0:03

So welcome back, recruits, to Lecture two of mathematical biostatistics boot camp,

and now we're going to talk about random variables.

So random variables as the slide says is it's simply a numerical outcome of an

experiment. They're, random variables are just

variables like you see in calculus, but they have probability distributions

associated with them. We're only gonna talk about two kinds of

random variables, discrete or continuous random variables.

Discrete random variables are any random variables that can take just a countable

number of possibilities. So even if it's infinite, if you can

enumerate. The collection of values that a random

variable can take, it's going to be discreet.

So, what I mean by even if it's infinite, if you have a random variable that is the

number of people that show up at a bus stop.

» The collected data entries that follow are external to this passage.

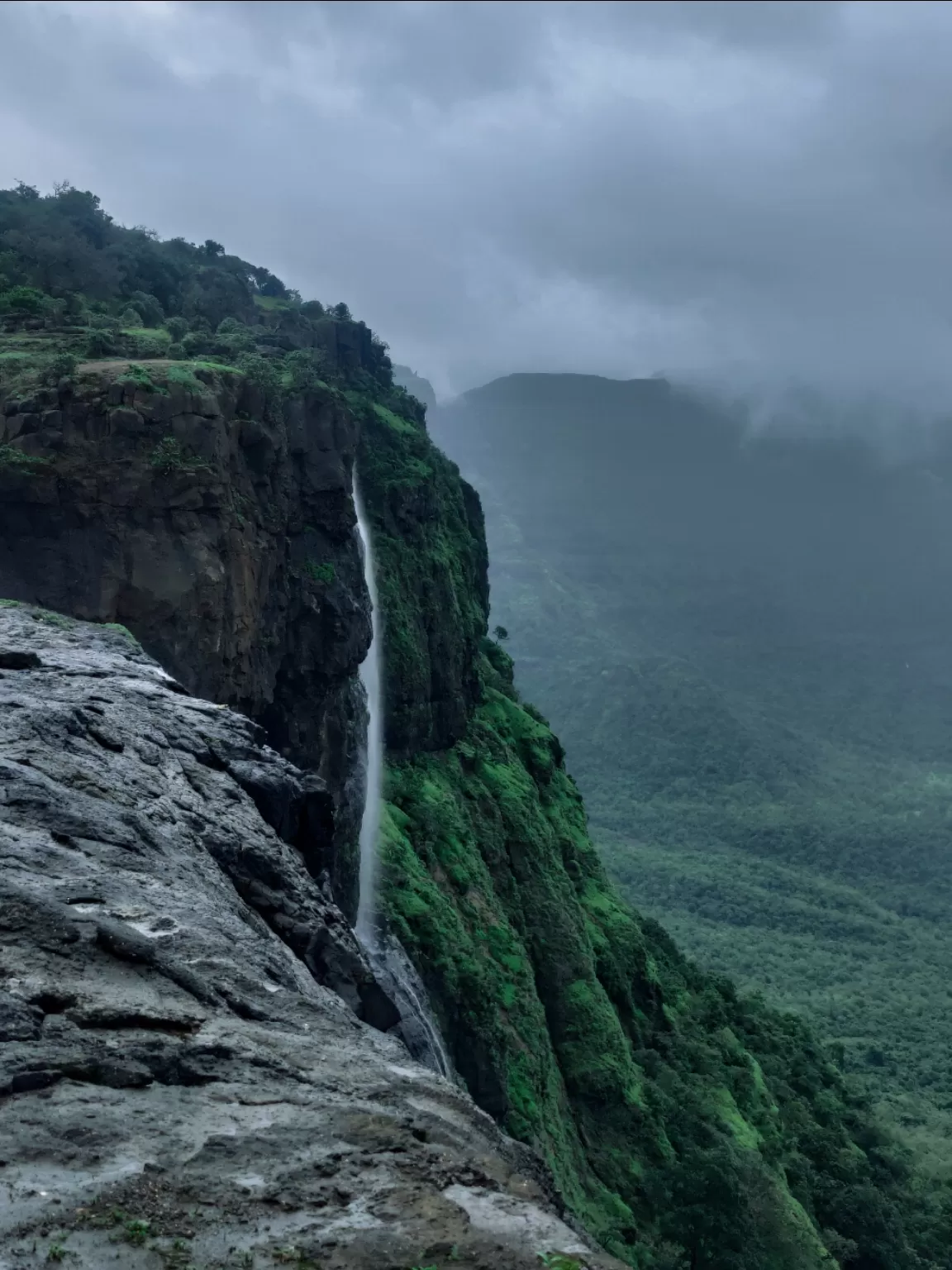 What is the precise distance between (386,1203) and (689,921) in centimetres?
10562

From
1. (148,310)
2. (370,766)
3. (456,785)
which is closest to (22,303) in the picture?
(148,310)

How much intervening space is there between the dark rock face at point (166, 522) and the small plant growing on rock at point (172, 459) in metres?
0.03

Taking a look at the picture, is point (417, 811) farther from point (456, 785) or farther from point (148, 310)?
point (148, 310)

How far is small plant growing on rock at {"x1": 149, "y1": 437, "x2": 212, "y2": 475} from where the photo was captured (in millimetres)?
25125

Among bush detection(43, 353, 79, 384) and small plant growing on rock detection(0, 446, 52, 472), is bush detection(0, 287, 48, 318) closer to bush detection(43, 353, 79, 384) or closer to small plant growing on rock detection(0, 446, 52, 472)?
bush detection(43, 353, 79, 384)

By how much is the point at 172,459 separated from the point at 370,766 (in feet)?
51.8

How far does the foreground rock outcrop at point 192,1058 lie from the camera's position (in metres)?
7.14

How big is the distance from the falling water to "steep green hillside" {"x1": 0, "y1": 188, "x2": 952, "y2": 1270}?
60cm

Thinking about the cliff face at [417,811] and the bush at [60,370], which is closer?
the cliff face at [417,811]

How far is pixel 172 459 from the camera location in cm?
2527

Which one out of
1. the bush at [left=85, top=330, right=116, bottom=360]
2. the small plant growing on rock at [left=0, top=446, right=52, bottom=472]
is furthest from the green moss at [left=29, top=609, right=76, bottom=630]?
the bush at [left=85, top=330, right=116, bottom=360]

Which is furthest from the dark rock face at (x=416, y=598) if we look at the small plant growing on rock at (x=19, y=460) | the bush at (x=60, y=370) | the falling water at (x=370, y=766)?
the small plant growing on rock at (x=19, y=460)

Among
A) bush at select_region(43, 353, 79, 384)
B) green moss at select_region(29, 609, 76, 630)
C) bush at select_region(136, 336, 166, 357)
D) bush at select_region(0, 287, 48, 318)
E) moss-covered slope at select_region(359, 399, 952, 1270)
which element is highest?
bush at select_region(0, 287, 48, 318)

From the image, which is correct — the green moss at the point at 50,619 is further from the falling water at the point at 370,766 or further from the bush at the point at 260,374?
the falling water at the point at 370,766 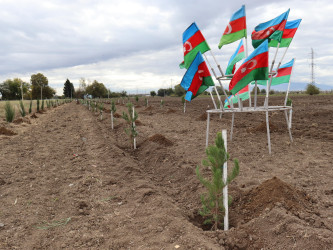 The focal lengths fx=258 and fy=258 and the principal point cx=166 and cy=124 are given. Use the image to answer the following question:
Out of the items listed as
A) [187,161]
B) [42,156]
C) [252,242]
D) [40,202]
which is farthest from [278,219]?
[42,156]

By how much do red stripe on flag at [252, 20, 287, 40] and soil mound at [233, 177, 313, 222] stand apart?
301 cm

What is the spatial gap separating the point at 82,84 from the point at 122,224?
99.0m

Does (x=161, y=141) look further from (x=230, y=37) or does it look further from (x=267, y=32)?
(x=267, y=32)

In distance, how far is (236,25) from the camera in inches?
212

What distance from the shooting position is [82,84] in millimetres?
95688

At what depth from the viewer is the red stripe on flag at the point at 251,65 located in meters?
4.31

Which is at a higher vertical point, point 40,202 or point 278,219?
point 278,219

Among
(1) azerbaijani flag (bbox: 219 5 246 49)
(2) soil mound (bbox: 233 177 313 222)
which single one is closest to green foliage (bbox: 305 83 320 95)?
(1) azerbaijani flag (bbox: 219 5 246 49)

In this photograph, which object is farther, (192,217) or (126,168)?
(126,168)

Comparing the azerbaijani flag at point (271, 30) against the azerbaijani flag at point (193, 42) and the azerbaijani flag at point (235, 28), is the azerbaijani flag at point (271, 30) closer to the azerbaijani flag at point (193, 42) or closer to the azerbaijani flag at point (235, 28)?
the azerbaijani flag at point (235, 28)

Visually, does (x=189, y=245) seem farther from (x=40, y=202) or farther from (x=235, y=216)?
(x=40, y=202)

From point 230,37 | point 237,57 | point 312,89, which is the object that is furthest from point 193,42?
point 312,89

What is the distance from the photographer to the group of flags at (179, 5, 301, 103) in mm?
4375

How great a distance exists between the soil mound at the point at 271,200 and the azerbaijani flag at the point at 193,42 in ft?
9.38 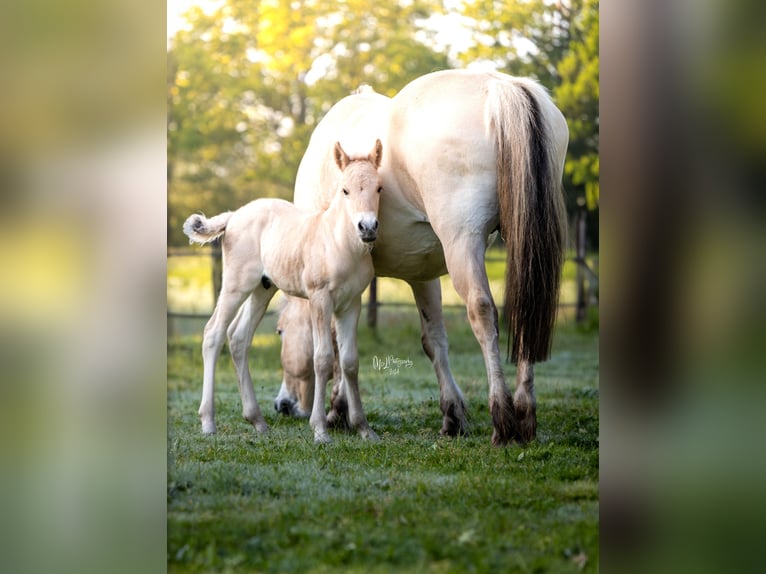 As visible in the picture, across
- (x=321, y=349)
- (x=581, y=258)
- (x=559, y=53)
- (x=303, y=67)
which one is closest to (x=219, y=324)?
(x=321, y=349)

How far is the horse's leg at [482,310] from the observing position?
211 inches

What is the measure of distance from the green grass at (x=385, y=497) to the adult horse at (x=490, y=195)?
641mm

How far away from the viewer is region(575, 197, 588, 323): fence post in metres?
12.8

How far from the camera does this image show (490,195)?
17.7 ft

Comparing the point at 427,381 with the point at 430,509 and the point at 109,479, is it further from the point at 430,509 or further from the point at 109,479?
the point at 109,479

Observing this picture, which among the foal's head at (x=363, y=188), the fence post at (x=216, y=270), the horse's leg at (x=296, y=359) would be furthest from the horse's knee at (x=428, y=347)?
the fence post at (x=216, y=270)

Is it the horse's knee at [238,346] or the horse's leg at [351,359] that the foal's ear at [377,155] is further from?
the horse's knee at [238,346]

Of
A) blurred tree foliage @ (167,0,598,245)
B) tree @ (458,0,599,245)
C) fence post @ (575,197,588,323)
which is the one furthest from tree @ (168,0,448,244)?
fence post @ (575,197,588,323)

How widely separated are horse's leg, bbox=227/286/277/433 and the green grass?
0.13 m

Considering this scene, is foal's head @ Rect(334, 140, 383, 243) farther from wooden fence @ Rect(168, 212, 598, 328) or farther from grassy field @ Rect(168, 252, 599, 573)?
wooden fence @ Rect(168, 212, 598, 328)

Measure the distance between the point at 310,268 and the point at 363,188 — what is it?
27.9 inches

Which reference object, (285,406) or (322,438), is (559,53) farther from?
(322,438)

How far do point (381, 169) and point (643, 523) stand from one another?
11.0 ft

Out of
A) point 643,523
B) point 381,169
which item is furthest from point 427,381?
point 643,523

Well, I suppose there is a theoretical limit to that but it might be useful

mathematically to model that as if that count can go all the way up to infinity.

But the point is that we can count them. We can count one people, two people, three

people, four people and so on. If the random variable can take any

possible value on the real line or a subset of the real line.

Then we'll call the random variable continuous.

And we'll have to have a slightly different treatment of continuous versus

discreet random variables. But I think when we go through it we'll

try to draw the similarities between how they're treated.

This list of random variables either being discreet or continuous is non exhaustive.

You can actually have. A random variable that is both discrete

and continuous. To give you an example, let's think of a

good way to generate a continuous random variable, or something at least that could

conceptually be viewed as a continuous random variable.

Suppose you were to. Draw a line on a piece of paper that goes

from zero to two. You label one end of the line zero, and

another end of the line two, and then you drop your pencil, and it hits a random

point in between zero and two. And you were to measure the distance

between zero to two, how far that point is.

Well, you maybe you can argue, you can only measure to so find of a scale, but

lets forget about issues like that. Honestly you would model this as a sort of

continuous random variable, that distance you can measure to several decimal places

and so we will think of it, as sort of a continuous one.

So lets think about how could you possibly generate a random variable that's both

discrete and continuous. Well let's suppose, so we have our little

experiment where we can generate something that's continuous, or continuous enough to

think of it as continuous, and then we have another example.

Say, just. Rolling a die that generates one, two,

three, four, five, six, clearly generates a discrete random variable.

Suppose then if you were to flip a coin, if the coin comes up heads, you use your

pencil to get this continuous random variable, and if the coin comes up tail,

you use this die to get your discrete random variable.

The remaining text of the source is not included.